68 MAYIS SERGİSİ ELEŞTİRİSİ




Ben bir 78’liyim.

68’lilere antipati duyarım. Daha 1988’de, darma duman olup, zihinsel ve kültürel konfüzyona ve regresyona girip, sisteme entegre olup, liboşlaşmışlardı.

78’lilere de antipati duyarım. 80 darbesinde payları yüksektir. Ben dahil, 1 milyon kişi işkence görürken, eli silah tutmuş, bu işin militanı 30.000 kişi Avrupa’ya kaçtı. Vatandaşlıklarını yitirdiler. Şimdilerde, geri gelip Türkiye’de solu kurtarmak derdindeler.

Ancak, tüm bunlara karşın 68’e antipati duymuyorum. Diğerleri özneler, burada tarih nesnelliği sözkonusu.

1998’de 68’in 30. yılı anılıyordu. ‘1968 Sonbaharında Almanya’ derleme filminde, herkes kahramanlık öyküleri peşindeyken, Fassbinder’in çırılpçıplak ortalıkta dolanıp, erkek sevgilisiyle ve annesiyle, o anki durumu tartıştıkları belgesel beni çok çarpmıştı: Annesi devlet otoritesini istiyordu.
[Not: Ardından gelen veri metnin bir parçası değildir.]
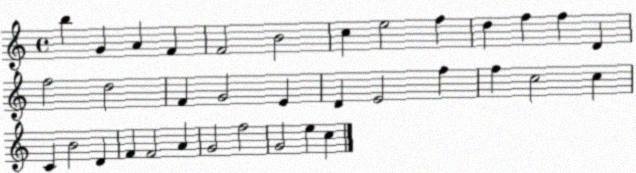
X:1
T:Untitled
M:4/4
L:1/4
K:C
b G A F F2 B2 c e2 f d f f D f2 d2 F G2 E D E2 f f c2 c C B2 D F F2 A G2 f2 G2 e c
Aldılar da... ‘Baader-Meinhof’ üyeleri katledildi.

Bu 68 sergisi Fotoğrafevi’nde (Galatasaray Meydanı).

Fotoğrafları Bruno Barbey çekmiş. O zaman çektiği 200 rulo filmi (7.000’in üzerinde kare eder), şimdilerde 2 ciltlik bir kitap yapacakmış. Sergideki fotoğraflar, onlardan seçilmiş.

Serginin broşürü yok. Fotoğrafçının yazdığı uzun metin çok güzel.

En güzel saptamaları:

Bir: Chirac o zaman bakanmış, tıpkı bizim demirel gibi, 40 sene ülkesinin üzerine çöreklenip, 2007’de emekli oldu.
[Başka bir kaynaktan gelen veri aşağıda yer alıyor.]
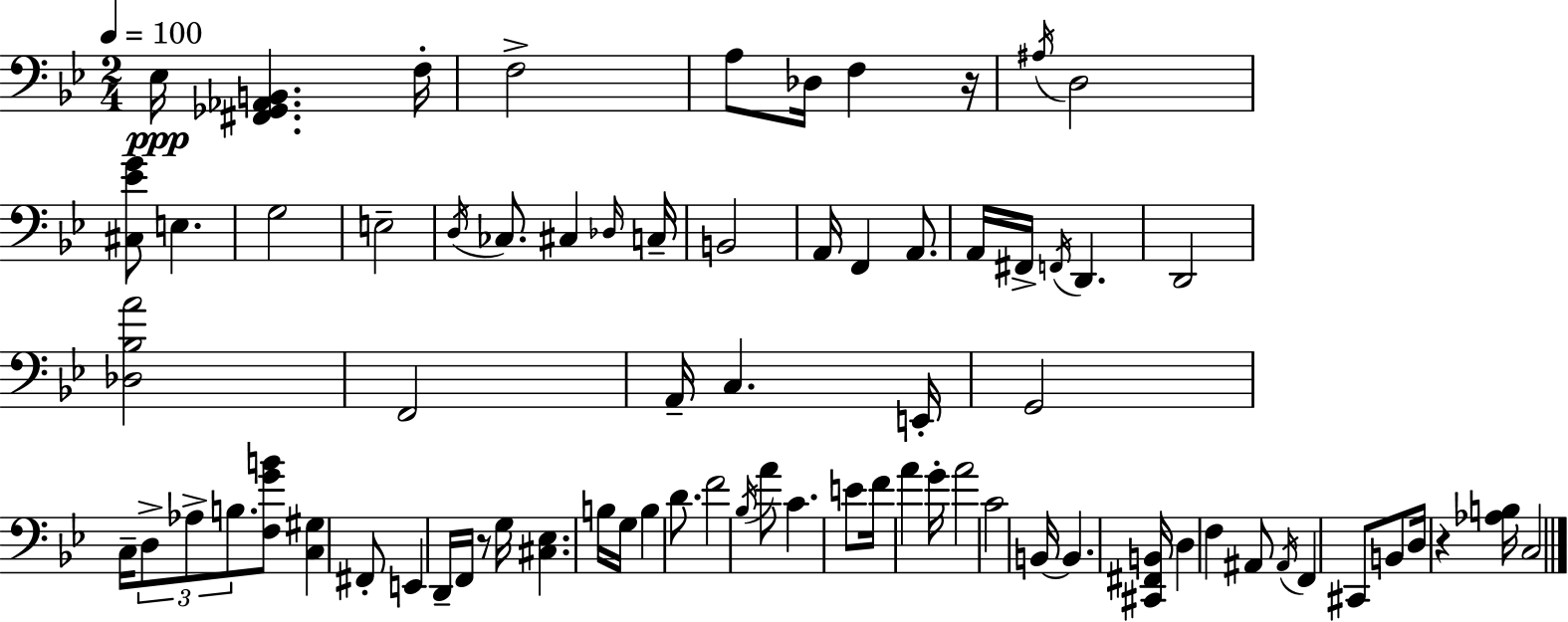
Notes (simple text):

İki: Daniel John-Bendit gibi öğrenci bir lideri, sonradan önce Almanya, sonra AP milletvekili olmakta beis görmedi. 2 Almanya’nın birleşmesine de ses çıkarmadı. (Bu konuda, solcu Mitterand’ın gafı yutulur gibi değildir.) John-Bendit, o zaman fransız takılıyordu, şimdi alman takılıyor, çünkü 2 ülke arasında onlarca kez el değiştiren Alsace-Lorraine bölgesinde doğmuş.

Bizim 68’liler gibi, onlar da yiyip içip semirdiler.

İşçiler mi?

Onlar hala grev yapıyor. Sarkozy’nin gömdüğü sandığı ruhu hala yaşatıyorlar.
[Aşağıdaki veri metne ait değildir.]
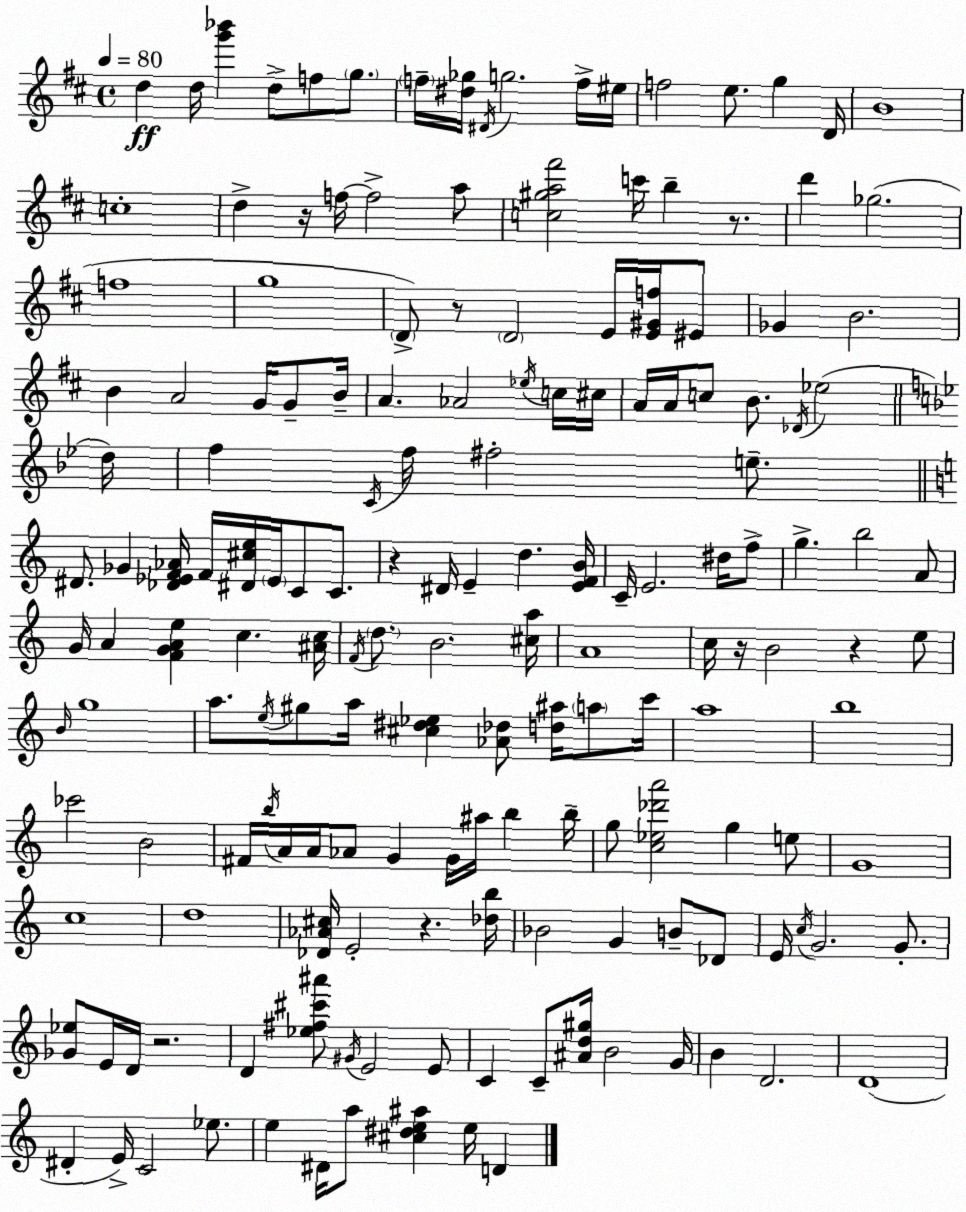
X:1
T:Untitled
M:4/4
L:1/4
K:D
d d/4 [g'_b'] d/2 f/2 g/2 f/4 [^d_g]/4 ^D/4 g2 f/4 ^e/4 f2 e/2 g D/4 B4 c4 d z/4 f/4 f2 a/2 [c^ga^f']2 c'/4 b z/2 d' _g2 f4 g4 D/2 z/2 D2 E/4 [E^Gf]/4 ^E/2 _G B2 B A2 G/4 G/2 B/4 A _A2 _e/4 c/4 ^c/4 A/4 A/4 c/2 B/2 _D/4 _e2 d/4 f C/4 f/4 ^f2 e/2 ^D/2 _G [_D_EF_A]/4 F/4 [^D^ce]/4 _E/4 C/2 C/2 z ^D/4 E d [EFB]/4 C/4 E2 ^d/4 f/2 g b2 A/2 G/4 A [FGAe] c [^Ac]/4 F/4 d/2 B2 [^ca]/4 A4 c/4 z/4 B2 z e/2 B/4 g4 a/2 e/4 ^g/2 a/4 [^c^d_e] [_A_d]/2 [d^a]/4 a/2 c'/4 a4 b4 _c'2 B2 ^F/4 b/4 A/4 A/4 _A/2 G G/4 ^a/4 b b/4 g/2 [c_e_d'a']2 g e/2 G4 c4 d4 [_D_A^c]/4 E2 z [_db]/4 _B2 G B/2 _D/2 E/4 c/4 G2 G/2 [_G_e]/2 E/4 D/4 z2 D [_e^f^c'^a']/2 ^G/4 E2 E/2 C C/2 [^Ad^g]/4 B2 G/4 B D2 D4 ^D E/4 C2 _e/2 e ^D/4 a/2 [^c^de^a] e/4 D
Onların da altında göçmen işçiler var, milyonlarca. Eski Fransa sömürgelerinden akın akın ülkeye göçüyorlar.

Asla toplumcu biri olmadım, kişilik yapıma uygun değil. Ancak, 20 (şimdiki 100) dolar maaşlı bir babanın 5 nüfuslu bir ailesine mensubum. Açlık nedir bilirim, yokluk nedir bilirim. Tulumbalı evde doğdum, bugün o kırmızı tulumbaları görmüş olan kaç kişi sağ acaba?

O nedenle, devrimden yanayım. Devrimi işçiler yapacaksa, onlardan da yanayım. Ursula K. Le Guin’in dediğince, devrimin yapılamayacağını, olunabileceğini yaşayarak kanıtladım, artık kendim devrimim. Sahte devrimcilerin tükenmişliği, kompradorlara kendini satması, davayı bitirmez, bu Steinbeck’in deyimiyle, ‘bitmeyen kavga’dır.

Bugün, 3 darbe ve 3 liberalizmden sonra, işçi hakları sıfırlanmak üzere.

Ancak, bu böyle gitmez, sömürü devam etmez. 1848 kanıttır, 1949 kanıttır, 1968 kanıttır. Bu fotoğraf sergisi kanıttır. 2050’ye bekleriz.